Data listing —

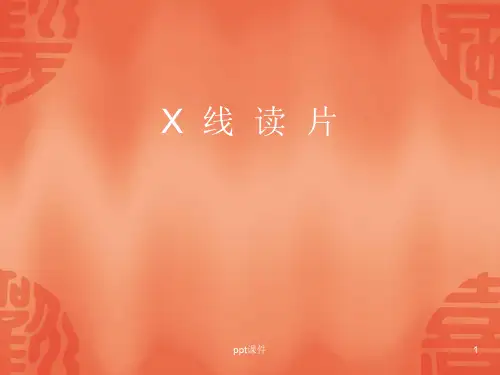 x线读片ppt课件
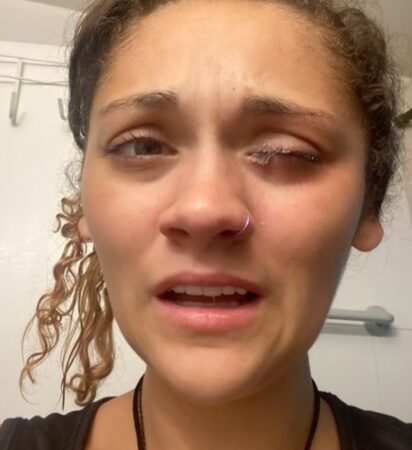 TikTok : une influenceuse dans un état grave après avoir confondu de la colle avec ses gouttes pour les yeux !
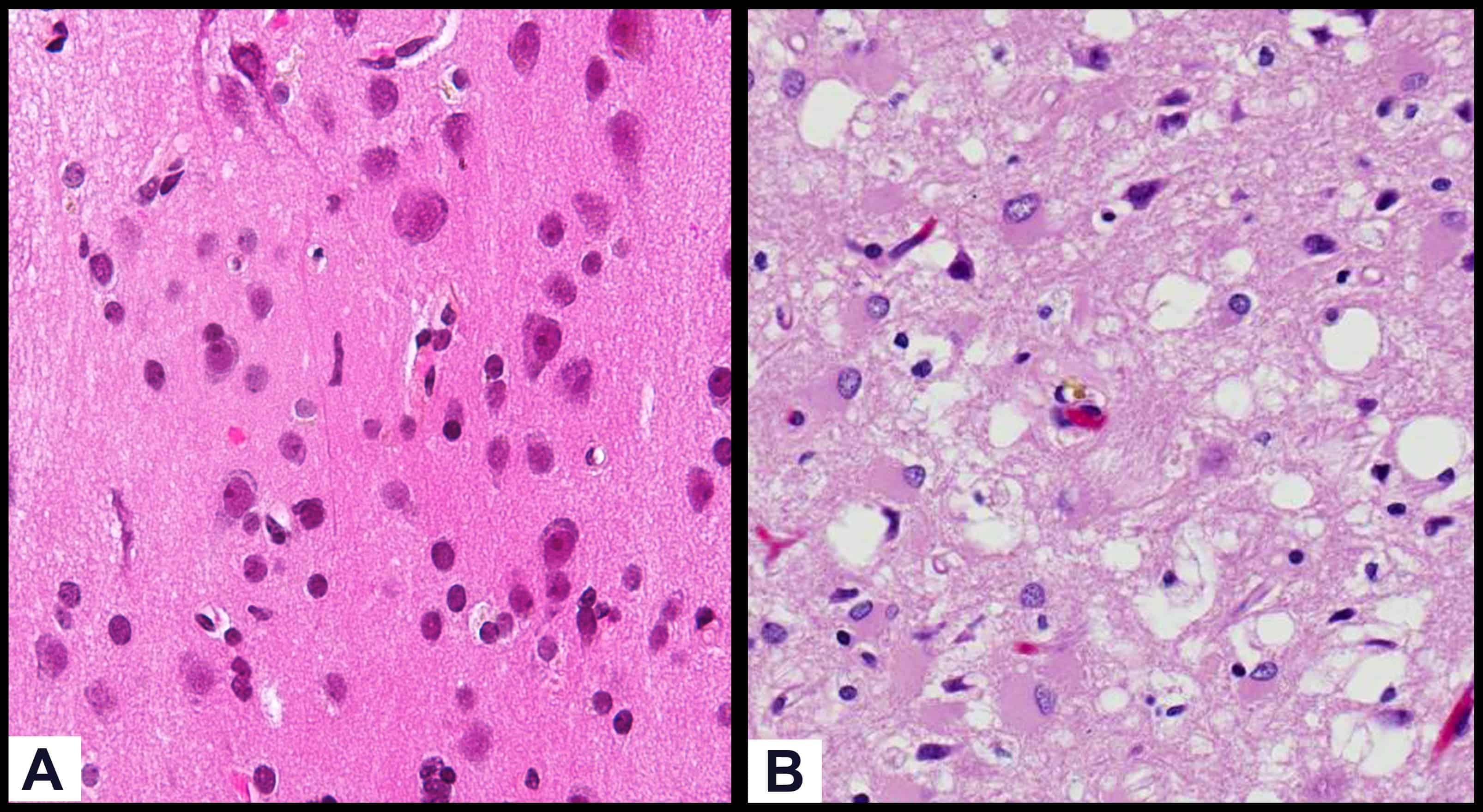 What are prions the confusing protein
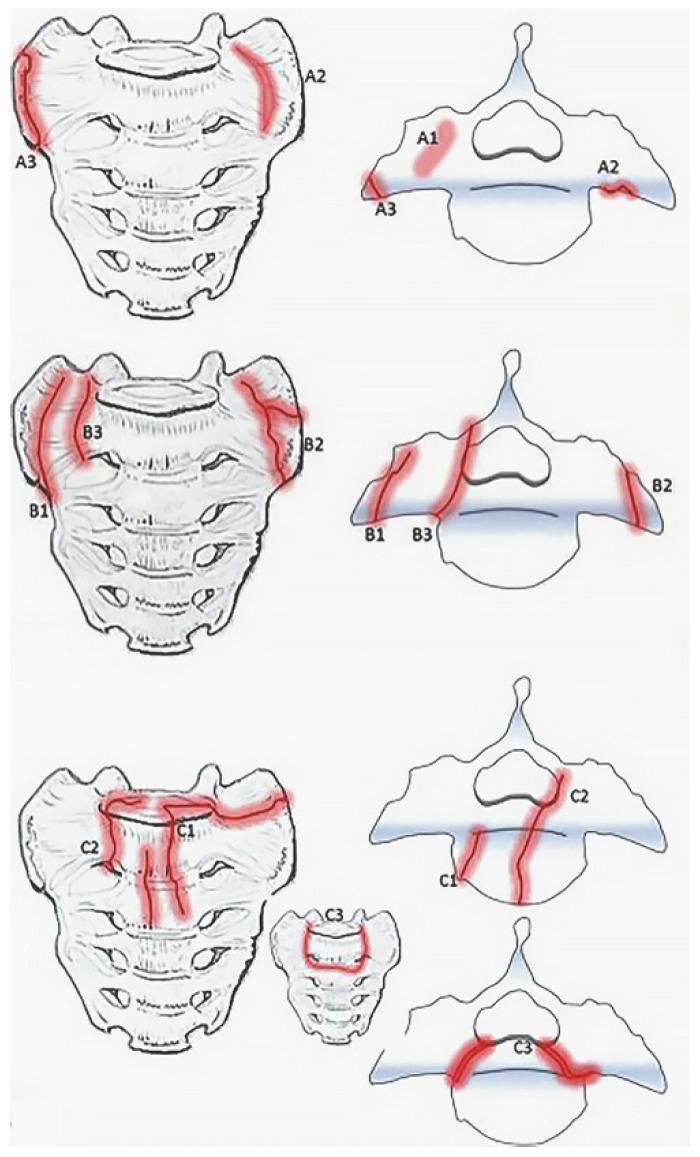 https://cdn.ncbi.nlm.nih.gov/pmc/blobs/fdd2/10889545/b622e3b219aa/jcm-13-01101-g002.jpg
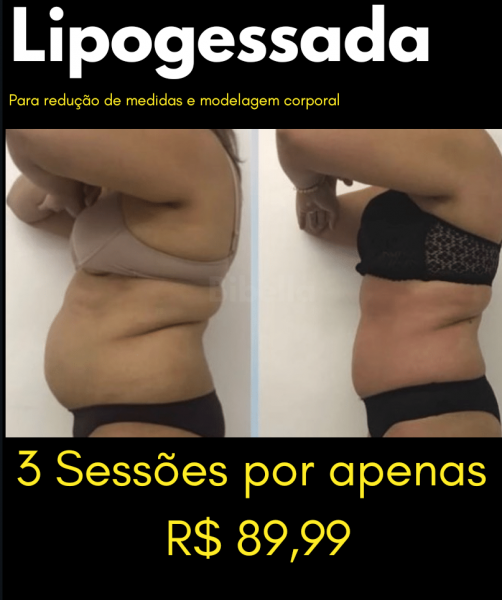 3 sessões de lipogessada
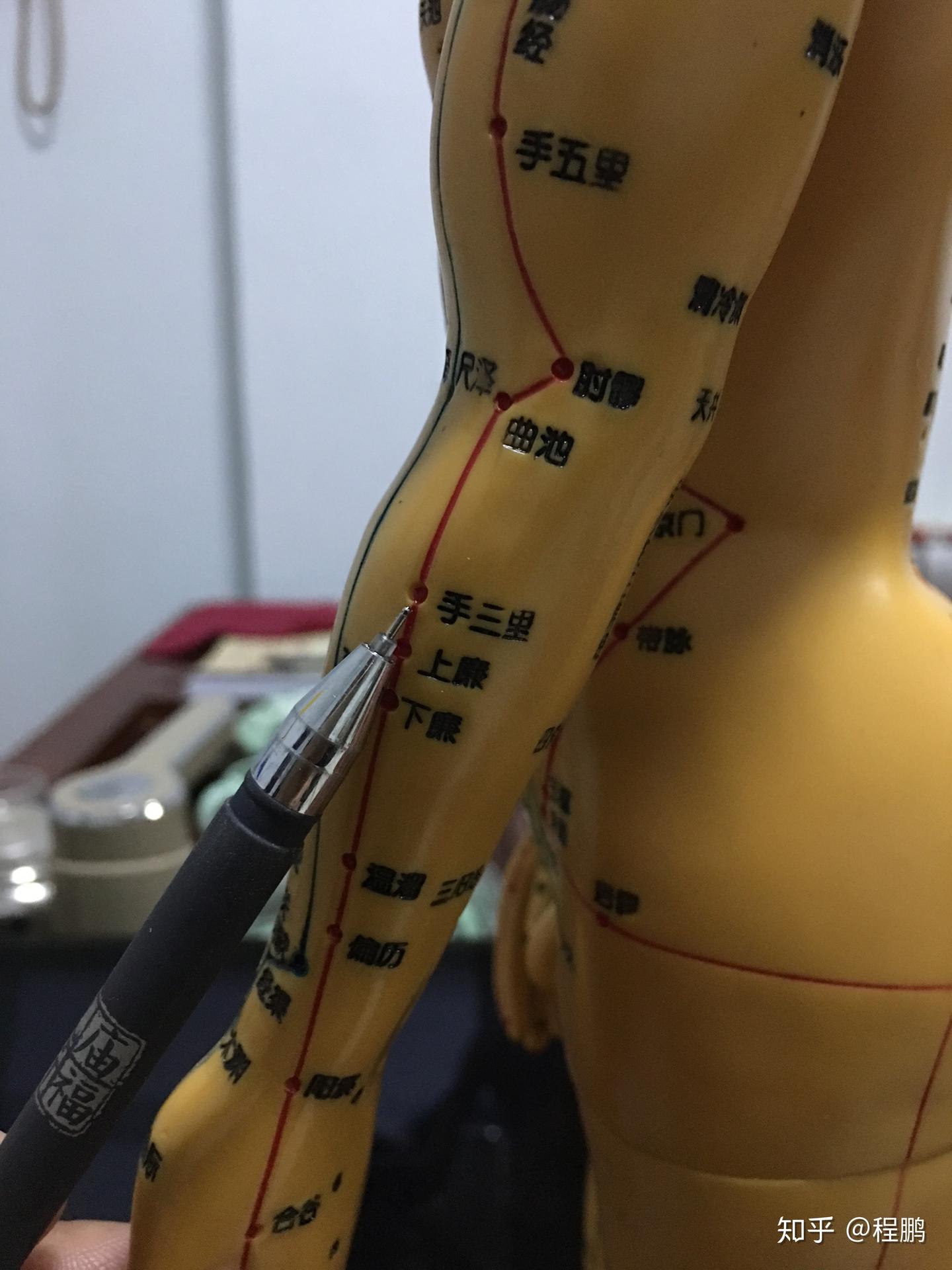 艾灸丨艾灸治疗颈椎病，这几个穴位最有效！ - 知乎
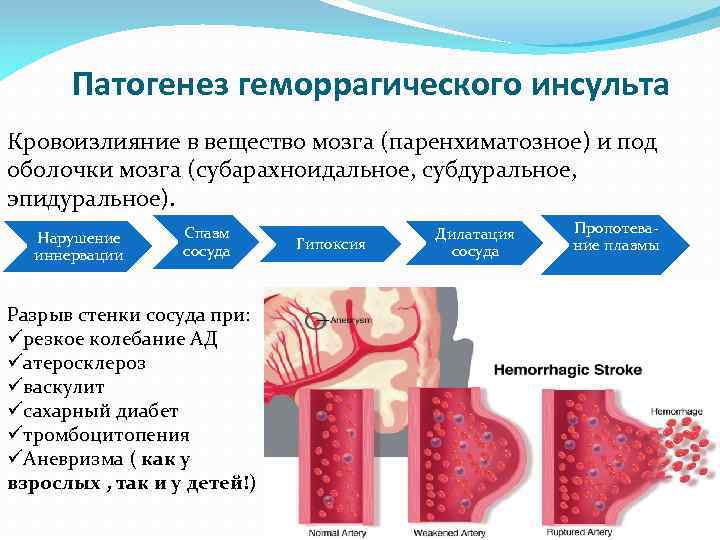Патогенез геморрагического инсульта Кровоизлияние в вещество мозга (паренхиматозное) и под оболочки мозга (субарахноидальное, субдуральное,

The problem — Only one stretch of the listing is wanted: the lines starting at the one with "TikTok : une" and ending at the one with "艾灸丨艾灸治疗颈椎病，这几个穴位最有效！ - 知乎", copied exactly and free of pictures.

Result of this task —
 TikTok : une influenceuse dans un état grave après avoir confondu de la colle avec ses gouttes pour les yeux !
 What are prions the confusing protein
 https://cdn.ncbi.nlm.nih.gov/pmc/blobs/fdd2/10889545/b622e3b219aa/jcm-13-01101-g002.jpg
 3 sessões de lipogessada
 艾灸丨艾灸治疗颈椎病，这几个穴位最有效！ - 知乎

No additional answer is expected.